Üniversitelerdeki eğitimin niteliksel gerileyişine dikkat çeken dernek, anti-demokratik rektör atamalarının durdurulmasını talep etti. Üniversitelerin bilimsel, yönetimsel ve mali özerkliğe kavuşturularak, özgür düşüncenin filizlendiği yaşam alanları haline getirilmesi gerektiği belirtildi.

Öğrencilerin beslenmesi

Okullarda öğrencilerin beslenme ihtiyaçlarının ticari kantinlere bırakılmasının eleştirildiği açıklamada, devlet okullarında öğrencilere bir öğün yemek verilmesinin önemli bir toplumsal talep haline geldiği vurgulandı. Milli Eğitim Bakanlığı’nın, öğrenci sağlığını koruyacak kamusal çözümler üretmesi gerektiği ifade edildi.

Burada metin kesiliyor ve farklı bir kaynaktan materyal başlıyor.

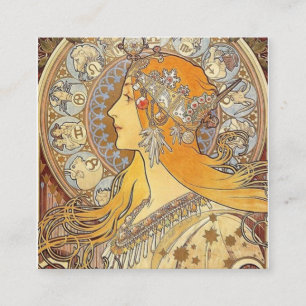 Alphonse Mucha Zodiac Quadratische Visitenkarte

MESEM programı ile staj adı altında gençlerin emek sömürüsüne maruz kaldığına dikkat çeken dernek, iyi denetlenmeyen staj uygulamalarının hem iş güvenliği hem de iş eğitimi açısından sorunlar yarattığını vurguladı.

Laik çağdaş ve bilimsel eğitim için mücadele çağrısı 

YKKED, 2024-2025 eğitim-öğretim yılında Milli Eğitim Bakanlığı’nı çağdışı eğitim anlayışından vazgeçmeye çağırdı. Köy Enstitüleri’nde kıvılcımlanan, çağdaş, demokratik, bilimsel, laik ve kamusal eğitim anlayışının tüm okullarda hayata geçirilmesi gerektiğini belirterek, eğitim sendikaları, öğrenciler, veliler ve demokratik kamuoyunu kararlı ve etkin bir mücadeleye davet etti.